The hotel is more of a home-style stay, so you won’t find much in terms of facilities, but the centre of Akureyri is a 10-minute stroll away. In Akureyri, check out the fjord-side Safnasafnio, a museum that showcases folk art and crafts alongside contemporary Icelandic works (open from mid May to late August); or the various exhibitions on display at the Akureyri Art Museum, where you should definitely stick around for the café. Cetacean spotters will be rewarded on a whale-watching boat trip along the Eyjafjordur fjord; Keli Seatours will take you out on its traditional fishing vessel. For those who prefer to take to the skies rather than the seas, Circle Air has scenic flights and photo-opp tours a long way from the ground. There’s also a sailing club right by the house, for kayaking and boat trips in the summer. Heli-skiing is big news in the nearby Troll Peninsula; you won’t find people with peaked pink quiffs, but you can ski all the way from the top of a mountain to the shores of the sea. Take the (mineral-rich) waters on a day trip to the volcanic Lake Myvatn, which is close to the hot springs, boiling mud pots and (hold your noses) fumaroles of Hverir.

Local restaurants

If you’re British and you want to feel at home, head to the Indian Curry House or Akureyri Fish & Chips in town. For great steaks and sushi, try the local-produce-championing Rub23, which has Japanese flavours and its own robata grill. Bond with your bovine side at the cattle-loving Kaffi Ku, a homage to homegrown beef cooked by the farmers themselves; they’ll even pack you up with a picnic basket to take with you on a drive around the scenic surrounding farmland.

Local bars

Meet the locals during happy hour on Friday and Saturday afternoons at The Icelandair hotel in Akureyri, which has views of fjords, mountains and, if you’re lucky, the Northern Lights.

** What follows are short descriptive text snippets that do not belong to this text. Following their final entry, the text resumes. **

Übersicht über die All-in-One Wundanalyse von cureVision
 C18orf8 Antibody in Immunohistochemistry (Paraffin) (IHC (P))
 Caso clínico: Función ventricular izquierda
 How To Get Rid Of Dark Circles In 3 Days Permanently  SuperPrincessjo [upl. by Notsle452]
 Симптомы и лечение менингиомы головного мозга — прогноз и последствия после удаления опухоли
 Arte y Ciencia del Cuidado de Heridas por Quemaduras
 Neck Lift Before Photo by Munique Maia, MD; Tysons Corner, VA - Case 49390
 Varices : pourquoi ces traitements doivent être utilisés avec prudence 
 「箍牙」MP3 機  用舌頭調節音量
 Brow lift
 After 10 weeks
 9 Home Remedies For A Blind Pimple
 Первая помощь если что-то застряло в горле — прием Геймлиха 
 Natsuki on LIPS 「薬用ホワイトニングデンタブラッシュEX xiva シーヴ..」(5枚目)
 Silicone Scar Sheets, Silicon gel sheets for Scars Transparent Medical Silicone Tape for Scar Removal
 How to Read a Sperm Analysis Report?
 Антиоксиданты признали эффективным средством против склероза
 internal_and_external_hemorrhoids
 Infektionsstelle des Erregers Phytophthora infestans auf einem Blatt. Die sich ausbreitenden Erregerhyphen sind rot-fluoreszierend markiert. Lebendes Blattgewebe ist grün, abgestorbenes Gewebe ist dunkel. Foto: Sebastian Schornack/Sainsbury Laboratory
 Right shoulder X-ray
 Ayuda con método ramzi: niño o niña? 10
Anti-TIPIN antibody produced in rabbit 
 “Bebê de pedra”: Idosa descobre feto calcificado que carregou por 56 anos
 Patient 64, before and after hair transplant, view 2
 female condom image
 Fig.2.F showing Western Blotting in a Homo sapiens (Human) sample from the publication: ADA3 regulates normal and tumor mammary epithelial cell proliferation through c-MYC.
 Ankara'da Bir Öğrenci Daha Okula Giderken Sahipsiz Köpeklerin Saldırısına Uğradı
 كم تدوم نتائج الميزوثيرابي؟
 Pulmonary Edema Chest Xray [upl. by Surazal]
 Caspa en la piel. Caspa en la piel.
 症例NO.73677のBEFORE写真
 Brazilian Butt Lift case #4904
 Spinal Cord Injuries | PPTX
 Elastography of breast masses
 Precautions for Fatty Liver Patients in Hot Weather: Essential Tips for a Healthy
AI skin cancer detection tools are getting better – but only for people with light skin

Photos Place to Read reviews

Anonymous review

Every hotel featured is visited personally by members of our team, given the Smith seal of approval, and then anonymously reviewed. As soon as our reviewers have returned from this boutique hotel in northern Iceland and unpacked their loaf of volcanic bread, a full account of their countryside break will be with you. In the meantime, to whet your wanderlust, here's a quick peek inside Place to Read in Akureyri

For those with their noses always in a book, Place to Read gives you all the nooks and cosy crannies you’ve been looking for. This clean-cut, Scandi-style stay is a private home with three apartments that can be booked out as a whole. There are no frills and fancy facilities, just a convivial kitchen where a well-stocked fridge and honesty bar are set up for guests to raid. The house is on the edge of Akureyri, Iceland’s second-biggest city, but if you think that means a big population, think again: you’ll have just 18,000 neighbours in the fjord-facing town. In high summer, days last for 22 hours, which is handy since there are near-endless activities, from whale watching and heli-skiing to trips to boiling mud pots; in the depths of winter, they’re just four hours long, but that only gives the Northern Lights more time to come out and play. Failing that, you can always lose yourself in a good book back at bibliophile basecamp. It’s win-win.